§ **Work to complete**
An exact transcription of the records is required, minus any images.

Scraped caption text data:
[Start of section]

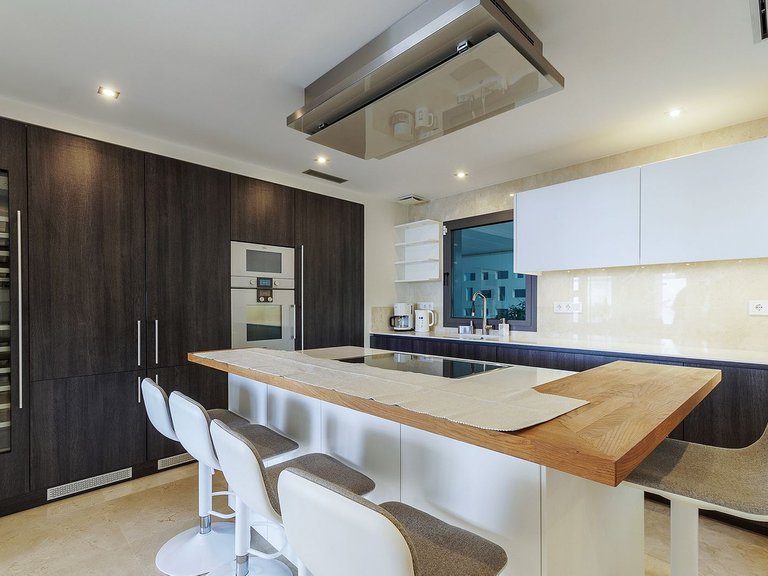 Apartment for Sale in Estepona, Malaga 8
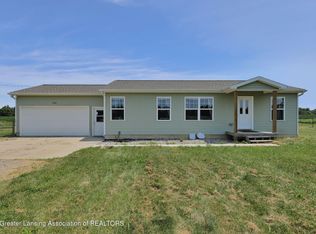 7045 Peck Rd, Eaton Rapids, MI 48827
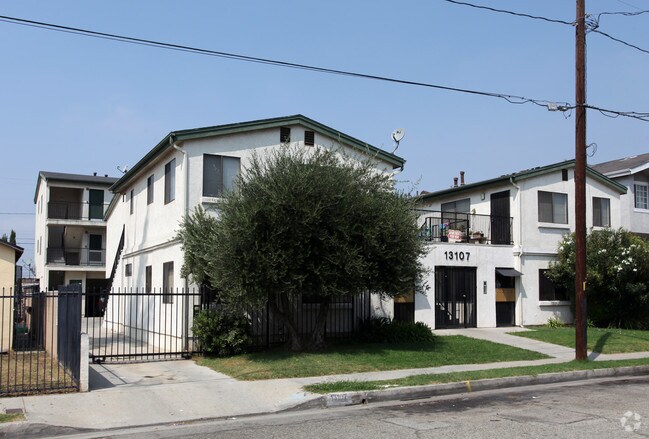 Primary Photo - Florwood Apartments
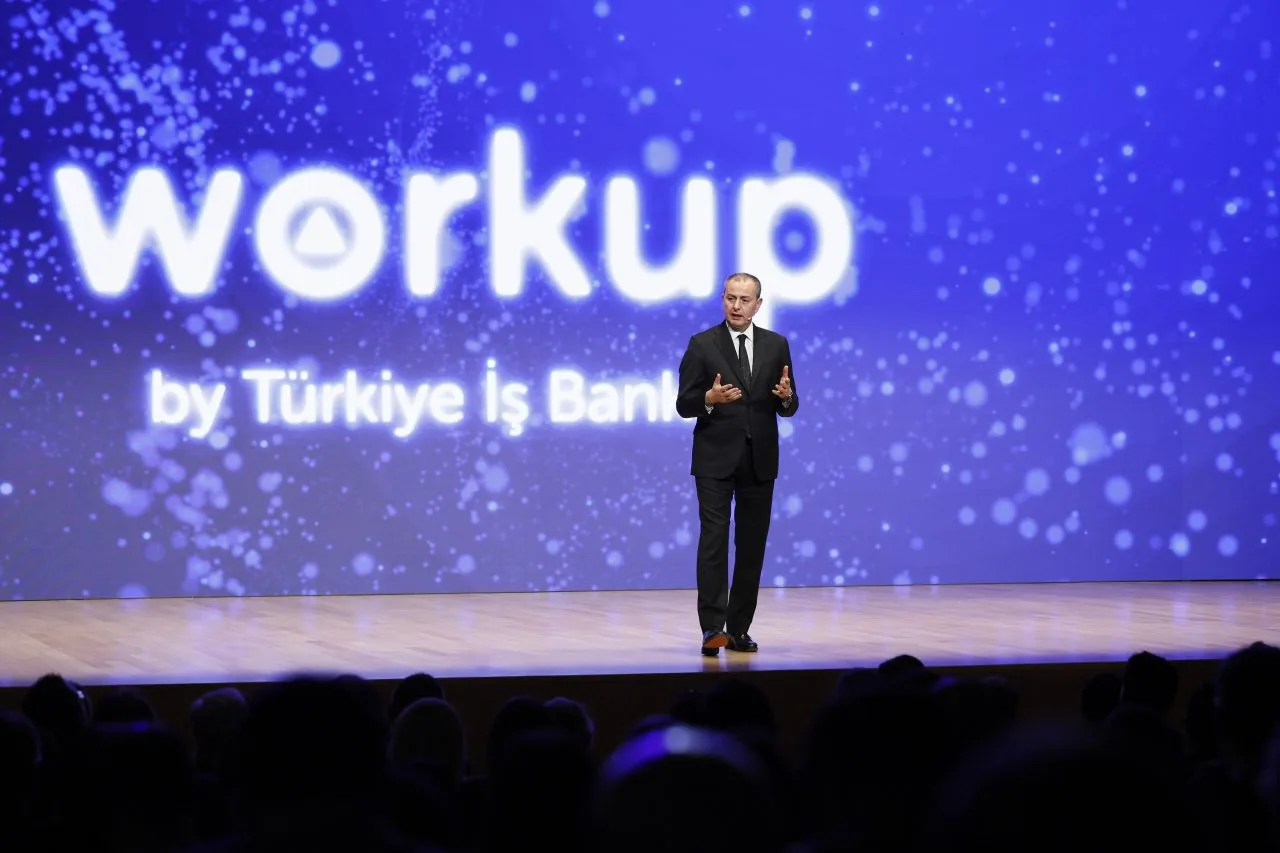 Workup Girişimcilik Programı'nın 13. döneminden mezun olan 16 girişim Workup Girişimcilik Programı'nın 13. döneminden mezun olan 16 girişim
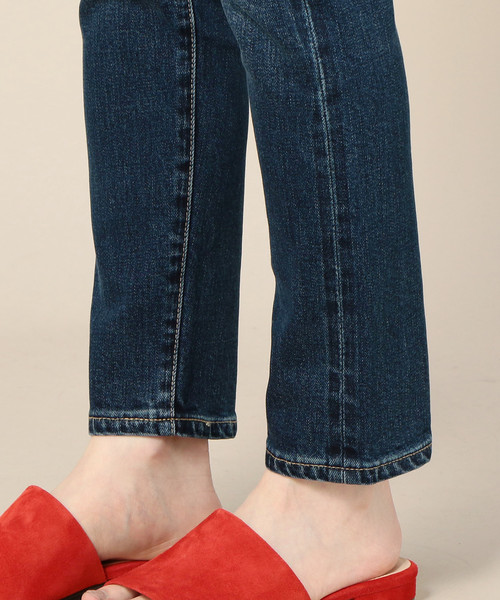 BEAUTY&YOUTH UNITED ARROWS（ビューティーアンドユースユナイテッドアローズ）の「【WEB限定】by ※セルヴィッジデニム9分丈スリムテーパードパンツ о（デニムパンツ・レディース・コバルトブルー/ネイビー・LARGE/SMALL/MEDIUM）」の4枚目の写真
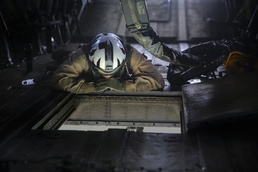 HMHT-302, CLB-6 perform dual training in external lifts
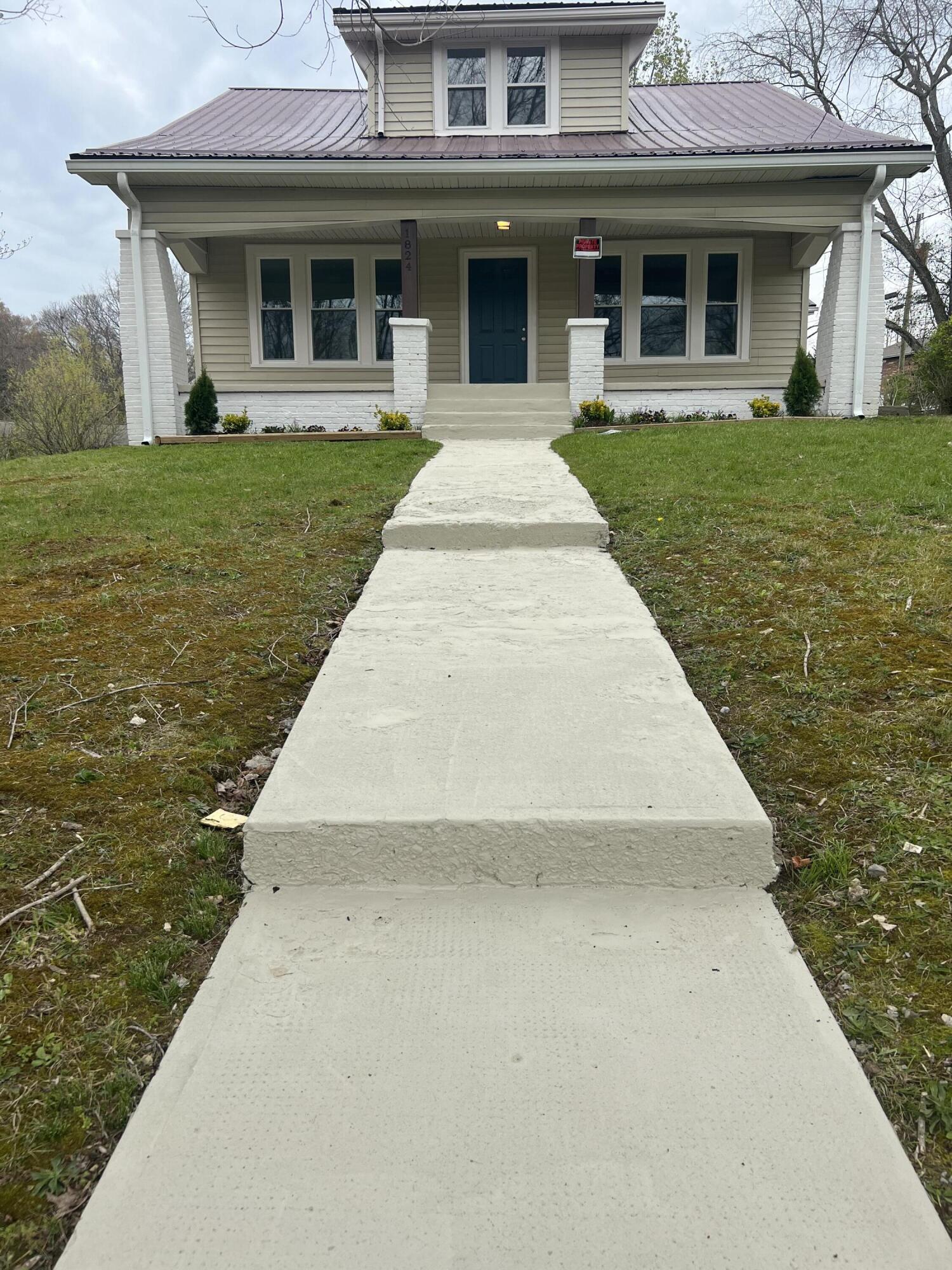1824 Indian Ridge Road Johnson City, TN 37604 - Photo 1 of 41 IMG-4098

[End of section]

§ **Written reply**
 Apartment for Sale in Estepona, Malaga 8
 7045 Peck Rd, Eaton Rapids, MI 48827
 Primary Photo - Florwood Apartments
 Workup Girişimcilik Programı'nın 13. döneminden mezun olan 16 girişim Workup Girişimcilik Programı'nın 13. döneminden mezun olan 16 girişim
 BEAUTY&YOUTH UNITED ARROWS（ビューティーアンドユースユナイテッドアローズ）の「【WEB限定】by ※セルヴィッジデニム9分丈スリムテーパードパンツ о（デニムパンツ・レディース・コバルトブルー/ネイビー・LARGE/SMALL/MEDIUM）」の4枚目の写真
 HMHT-302, CLB-6 perform dual training in external lifts
1824 Indian Ridge Road Johnson City, TN 37604 - Photo 1 of 41 IMG-4098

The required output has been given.